### What you should do
Carry none of the pictures over; write out the complete data exactly.

### Records for processing

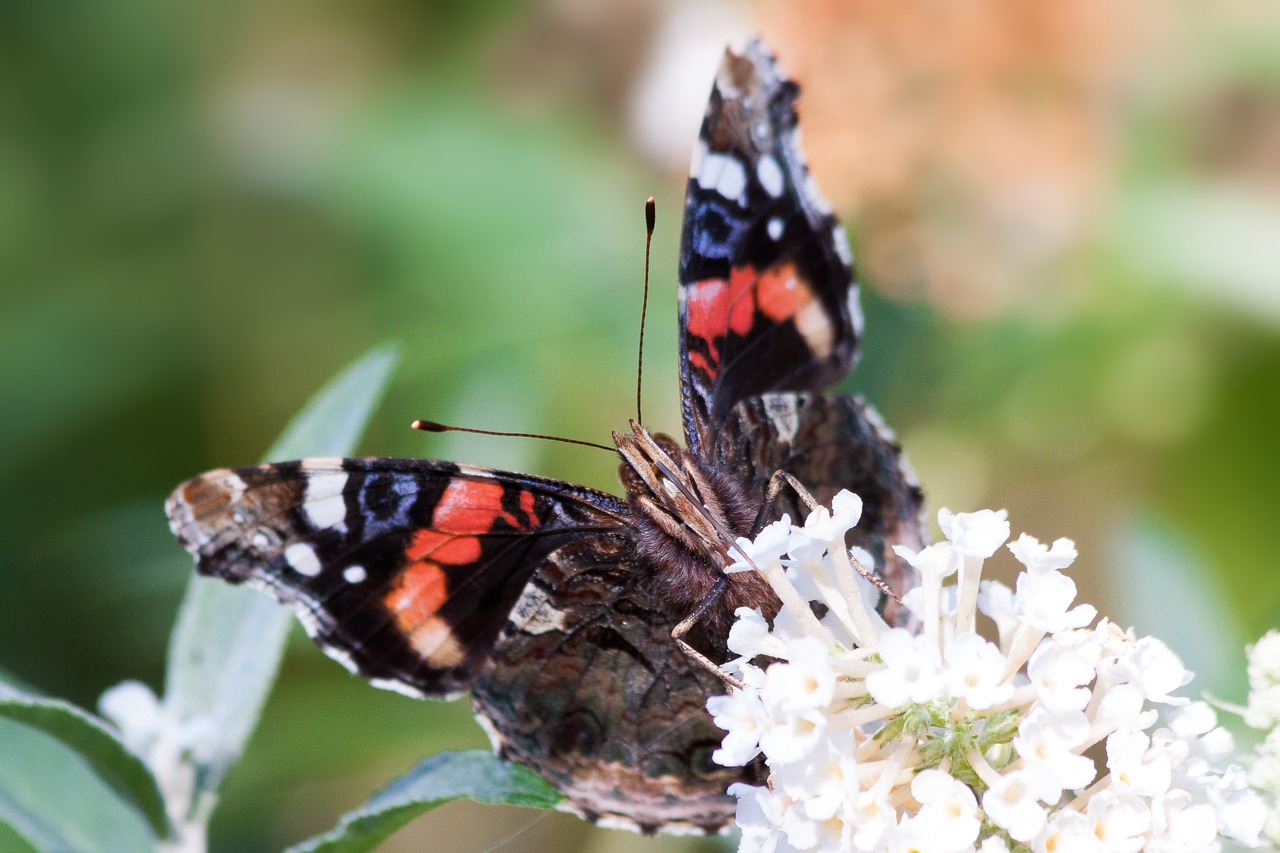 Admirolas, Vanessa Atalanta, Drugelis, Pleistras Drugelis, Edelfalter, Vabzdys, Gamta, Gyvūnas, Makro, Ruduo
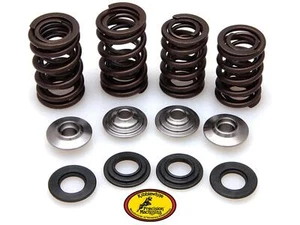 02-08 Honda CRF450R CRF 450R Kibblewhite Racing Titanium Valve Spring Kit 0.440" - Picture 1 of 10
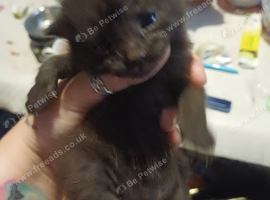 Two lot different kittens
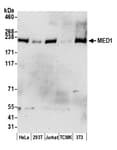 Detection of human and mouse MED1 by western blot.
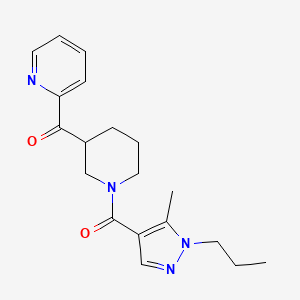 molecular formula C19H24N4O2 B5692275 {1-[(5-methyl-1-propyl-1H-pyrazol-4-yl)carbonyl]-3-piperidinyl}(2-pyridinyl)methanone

### Written reply
 Admirolas, Vanessa Atalanta, Drugelis, Pleistras Drugelis, Edelfalter, Vabzdys, Gamta, Gyvūnas, Makro, Ruduo
 02-08 Honda CRF450R CRF 450R Kibblewhite Racing Titanium Valve Spring Kit 0.440" - Picture 1 of 10
 Two lot different kittens
 Detection of human and mouse MED1 by western blot.
 molecular formula C19H24N4O2 B5692275 {1-[(5-methyl-1-propyl-1H-pyrazol-4-yl)carbonyl]-3-piperidinyl}(2-pyridinyl)methanone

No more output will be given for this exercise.